### What needs to be done
Search the records below for the word "skirt". Copy each line where it occurs.

(Collection entries)
◇ ◇ ◇ ◇ ◇

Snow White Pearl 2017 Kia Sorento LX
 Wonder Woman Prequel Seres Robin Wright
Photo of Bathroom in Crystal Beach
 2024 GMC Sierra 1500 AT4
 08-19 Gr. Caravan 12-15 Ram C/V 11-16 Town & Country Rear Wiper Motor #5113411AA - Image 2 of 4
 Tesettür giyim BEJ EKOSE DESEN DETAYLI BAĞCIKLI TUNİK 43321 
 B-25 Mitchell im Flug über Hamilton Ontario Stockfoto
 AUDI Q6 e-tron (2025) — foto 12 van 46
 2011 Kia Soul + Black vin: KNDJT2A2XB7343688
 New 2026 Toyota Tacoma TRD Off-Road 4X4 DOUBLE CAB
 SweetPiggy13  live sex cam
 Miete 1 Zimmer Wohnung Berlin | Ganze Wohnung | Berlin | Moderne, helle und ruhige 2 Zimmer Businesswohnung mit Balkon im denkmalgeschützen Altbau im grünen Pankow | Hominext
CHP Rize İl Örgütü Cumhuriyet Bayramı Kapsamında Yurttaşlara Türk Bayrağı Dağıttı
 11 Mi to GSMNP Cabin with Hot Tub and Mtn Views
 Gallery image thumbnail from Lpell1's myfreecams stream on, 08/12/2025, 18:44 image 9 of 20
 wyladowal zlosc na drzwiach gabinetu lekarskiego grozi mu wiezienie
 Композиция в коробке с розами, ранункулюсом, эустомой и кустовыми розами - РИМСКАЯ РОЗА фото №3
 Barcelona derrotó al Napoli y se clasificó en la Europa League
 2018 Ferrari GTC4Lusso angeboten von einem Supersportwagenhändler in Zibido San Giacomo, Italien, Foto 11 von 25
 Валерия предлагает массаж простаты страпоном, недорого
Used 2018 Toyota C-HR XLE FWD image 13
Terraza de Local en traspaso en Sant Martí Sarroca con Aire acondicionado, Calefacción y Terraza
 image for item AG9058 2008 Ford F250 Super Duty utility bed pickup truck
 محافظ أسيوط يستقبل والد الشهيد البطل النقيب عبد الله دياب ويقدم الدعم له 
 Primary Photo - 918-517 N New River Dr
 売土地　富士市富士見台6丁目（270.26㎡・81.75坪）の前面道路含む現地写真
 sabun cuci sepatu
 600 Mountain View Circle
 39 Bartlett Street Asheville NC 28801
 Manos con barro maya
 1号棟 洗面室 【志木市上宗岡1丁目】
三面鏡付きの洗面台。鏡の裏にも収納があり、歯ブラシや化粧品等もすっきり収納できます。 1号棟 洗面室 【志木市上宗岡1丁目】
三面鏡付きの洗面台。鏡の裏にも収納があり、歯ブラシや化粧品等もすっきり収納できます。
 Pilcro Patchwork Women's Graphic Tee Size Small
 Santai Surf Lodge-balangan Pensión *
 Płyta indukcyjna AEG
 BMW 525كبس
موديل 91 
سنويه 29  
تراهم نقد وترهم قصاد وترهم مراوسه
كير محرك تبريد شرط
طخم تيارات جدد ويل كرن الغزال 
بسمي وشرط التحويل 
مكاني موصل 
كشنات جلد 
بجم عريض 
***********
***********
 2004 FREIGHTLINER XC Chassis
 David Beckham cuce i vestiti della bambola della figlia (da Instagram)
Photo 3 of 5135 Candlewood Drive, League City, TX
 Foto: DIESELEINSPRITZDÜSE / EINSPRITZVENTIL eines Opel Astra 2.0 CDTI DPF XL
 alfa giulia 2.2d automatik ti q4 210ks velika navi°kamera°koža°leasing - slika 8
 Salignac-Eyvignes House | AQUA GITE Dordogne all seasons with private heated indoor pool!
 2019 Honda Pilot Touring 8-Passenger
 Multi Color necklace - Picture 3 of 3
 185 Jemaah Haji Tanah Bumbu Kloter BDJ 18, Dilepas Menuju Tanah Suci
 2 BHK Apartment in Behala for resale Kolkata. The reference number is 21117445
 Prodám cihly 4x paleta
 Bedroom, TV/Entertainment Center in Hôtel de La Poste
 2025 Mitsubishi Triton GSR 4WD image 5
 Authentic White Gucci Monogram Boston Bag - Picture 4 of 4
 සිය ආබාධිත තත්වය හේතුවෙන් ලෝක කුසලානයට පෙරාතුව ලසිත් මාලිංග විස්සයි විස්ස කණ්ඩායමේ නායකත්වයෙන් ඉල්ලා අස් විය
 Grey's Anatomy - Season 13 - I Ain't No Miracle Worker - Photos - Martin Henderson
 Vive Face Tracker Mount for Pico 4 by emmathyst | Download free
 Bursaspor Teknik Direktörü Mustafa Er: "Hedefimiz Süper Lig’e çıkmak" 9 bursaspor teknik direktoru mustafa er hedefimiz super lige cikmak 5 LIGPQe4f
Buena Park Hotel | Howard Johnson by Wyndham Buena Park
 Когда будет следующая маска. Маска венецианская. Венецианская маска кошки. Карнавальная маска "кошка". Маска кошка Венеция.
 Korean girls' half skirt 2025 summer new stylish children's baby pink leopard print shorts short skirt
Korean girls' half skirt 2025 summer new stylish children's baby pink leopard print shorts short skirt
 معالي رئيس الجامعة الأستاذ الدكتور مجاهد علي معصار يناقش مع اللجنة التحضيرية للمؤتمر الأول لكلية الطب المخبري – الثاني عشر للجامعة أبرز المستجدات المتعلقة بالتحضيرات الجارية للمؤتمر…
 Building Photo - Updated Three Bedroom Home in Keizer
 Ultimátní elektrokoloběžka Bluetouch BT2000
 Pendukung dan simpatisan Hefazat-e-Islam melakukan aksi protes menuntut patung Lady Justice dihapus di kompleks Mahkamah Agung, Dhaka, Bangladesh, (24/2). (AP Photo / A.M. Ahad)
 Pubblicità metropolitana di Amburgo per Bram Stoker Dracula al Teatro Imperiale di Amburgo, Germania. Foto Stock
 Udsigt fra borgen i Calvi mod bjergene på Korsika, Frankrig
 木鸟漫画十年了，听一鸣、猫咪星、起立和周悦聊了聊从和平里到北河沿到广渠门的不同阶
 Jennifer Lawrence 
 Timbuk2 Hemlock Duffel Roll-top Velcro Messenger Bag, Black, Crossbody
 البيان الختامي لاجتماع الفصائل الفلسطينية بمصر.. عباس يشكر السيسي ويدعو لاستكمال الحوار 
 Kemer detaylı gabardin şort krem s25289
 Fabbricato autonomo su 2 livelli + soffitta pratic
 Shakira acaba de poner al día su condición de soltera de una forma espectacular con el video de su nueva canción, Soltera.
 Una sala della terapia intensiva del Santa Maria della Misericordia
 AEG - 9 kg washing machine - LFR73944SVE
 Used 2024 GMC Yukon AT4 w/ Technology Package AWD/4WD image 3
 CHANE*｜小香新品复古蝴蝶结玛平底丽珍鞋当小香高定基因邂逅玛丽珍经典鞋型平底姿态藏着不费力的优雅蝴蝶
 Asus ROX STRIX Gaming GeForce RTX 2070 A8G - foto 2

◇ ◇ ◇ ◇ ◇

### Task answer
 Korean girls' half skirt 2025 summer new stylish children's baby pink leopard print shorts short skirt
Korean girls' half skirt 2025 summer new stylish children's baby pink leopard print shorts short skirt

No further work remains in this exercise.